BEGIN AVAILABLE DATA
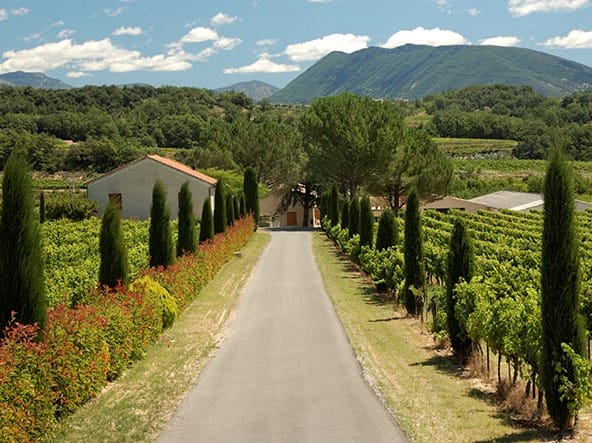 Buying a French Vineyard Photo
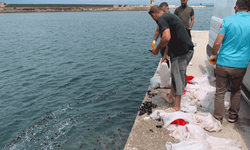 Yalova'da 3 ton kaçak midye ele geçirildi
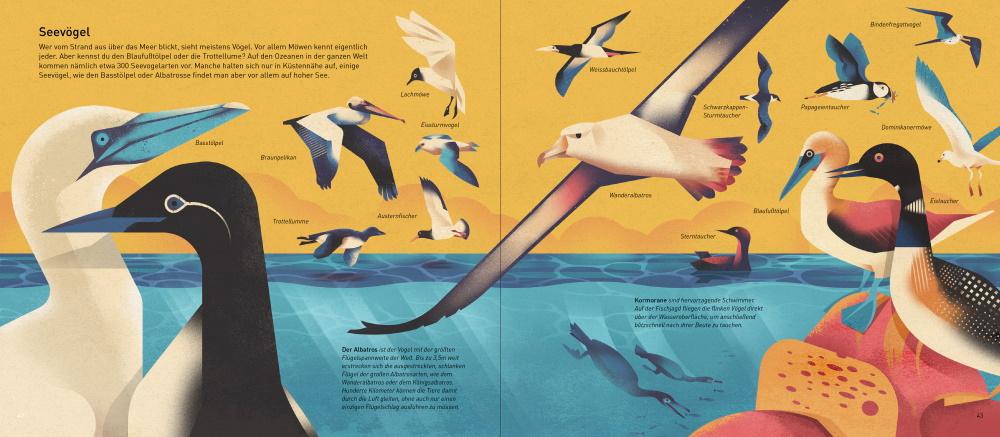 Beispielinhalt (Bild) Die Welt der Meere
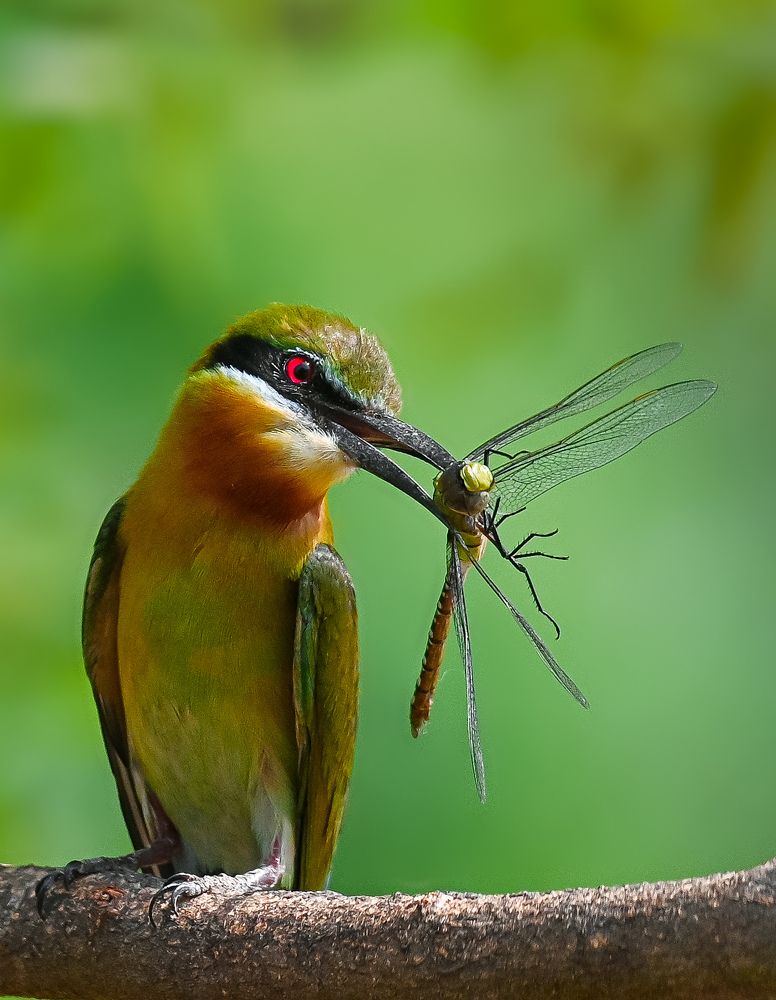 Blue-tailed bee-eater
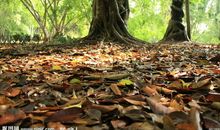 落叶归根读后感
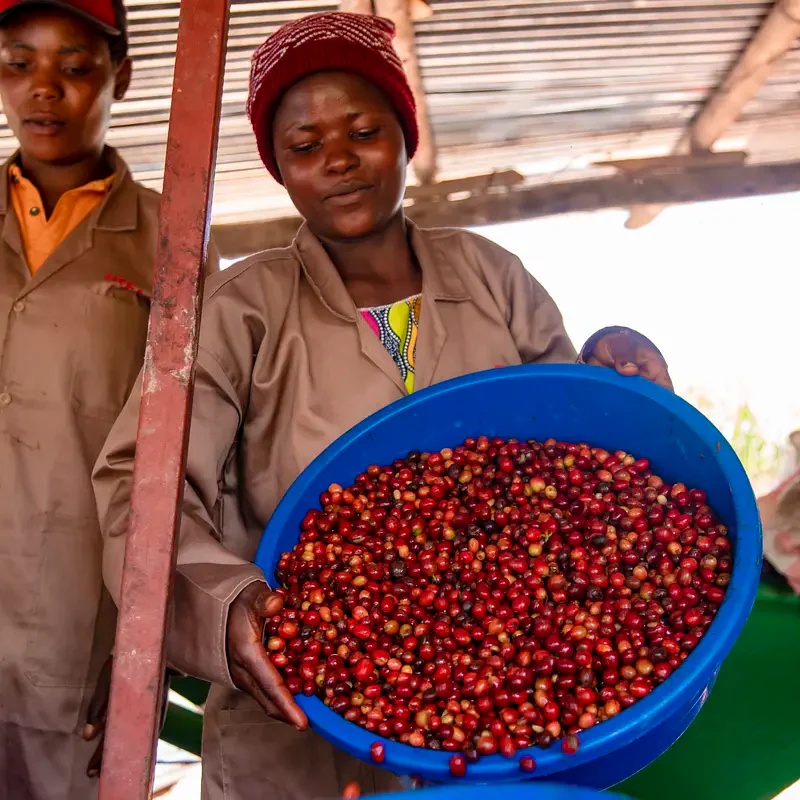 Filter, Rwanda Gasharu (Fruity Unwashed)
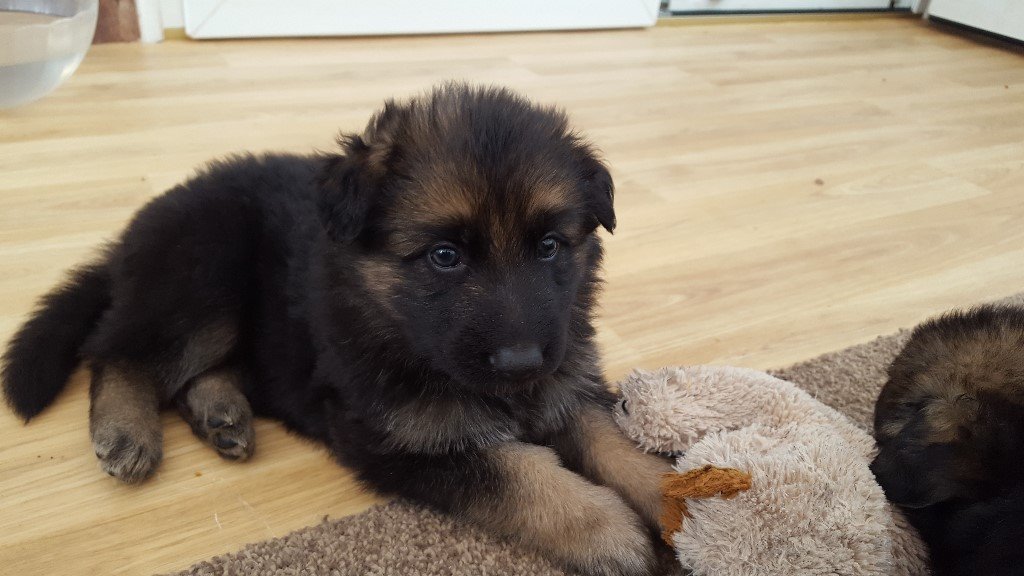KC Registered Long Haired/Straight back German Shepherd in Rosson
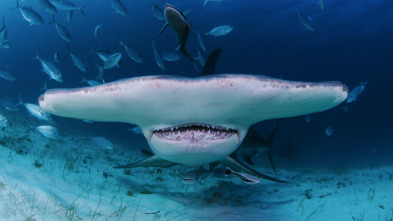 Imagen de Cuando los tiburones...: Pánico en el paraíso - 5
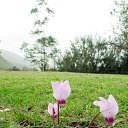 ���� �������, ����� - ��������� 9 ����� 2015 � ������ ��� ��������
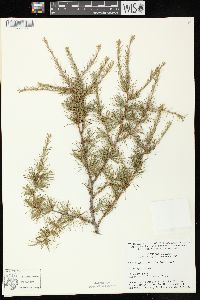 Larix laricina image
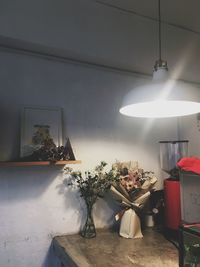 Potted plant on table against illuminated wall at home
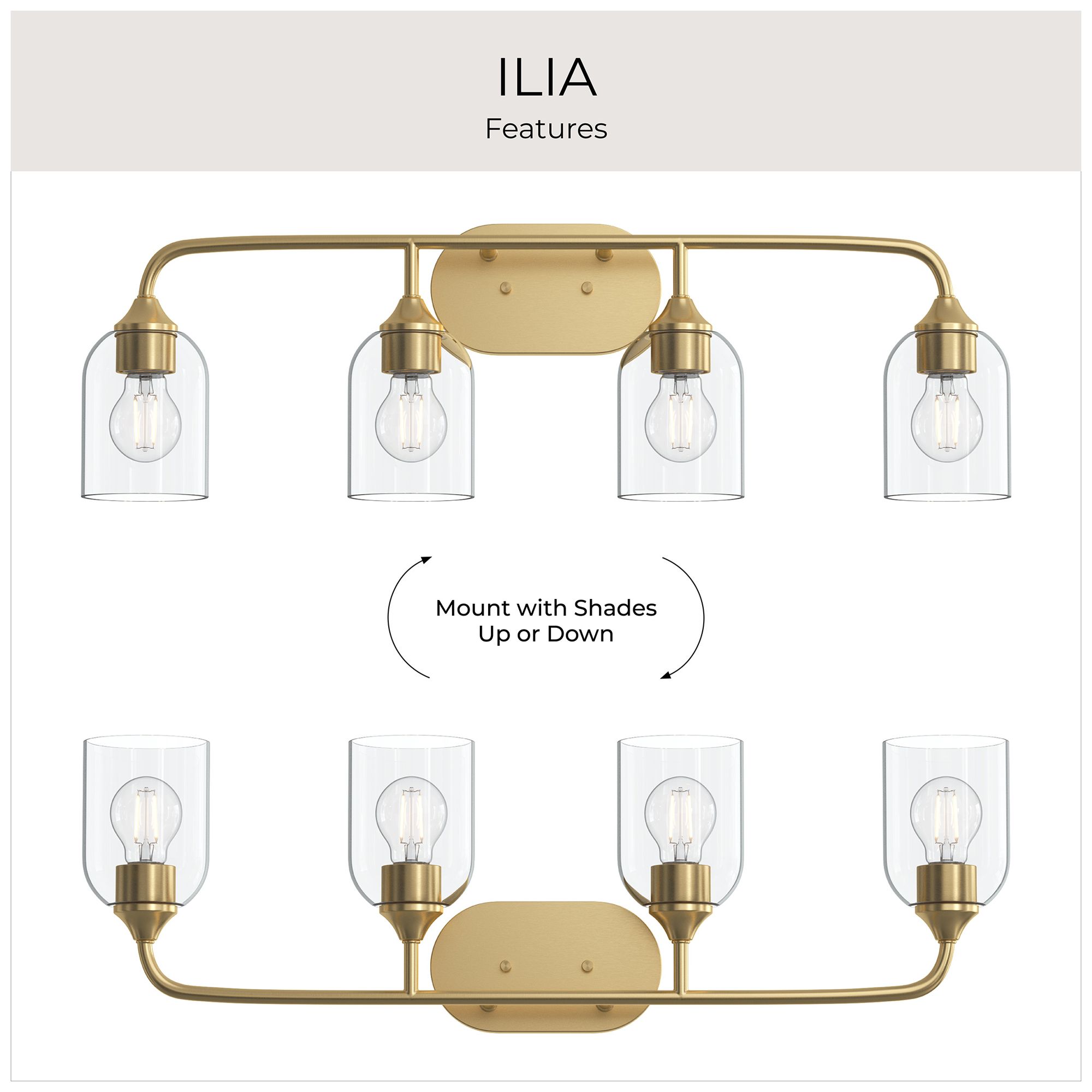 Ilia 4-Light Bath Vanity with Clear Glass Shade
END AVAILABLE DATA
• WHAT NEEDS TO BE DONE
Which lines run from the one holding "Imagen de Cuando" through the end of the records? Reproduce them word for word, both ends included, with no pictures.

• SOLUTION TO THIS EXERCISE
 Imagen de Cuando los tiburones...: Pánico en el paraíso - 5
 ���� �������, ����� - ��������� 9 ����� 2015 � ������ ��� ��������
 Larix laricina image
 Potted plant on table against illuminated wall at home
 Ilia 4-Light Bath Vanity with Clear Glass Shade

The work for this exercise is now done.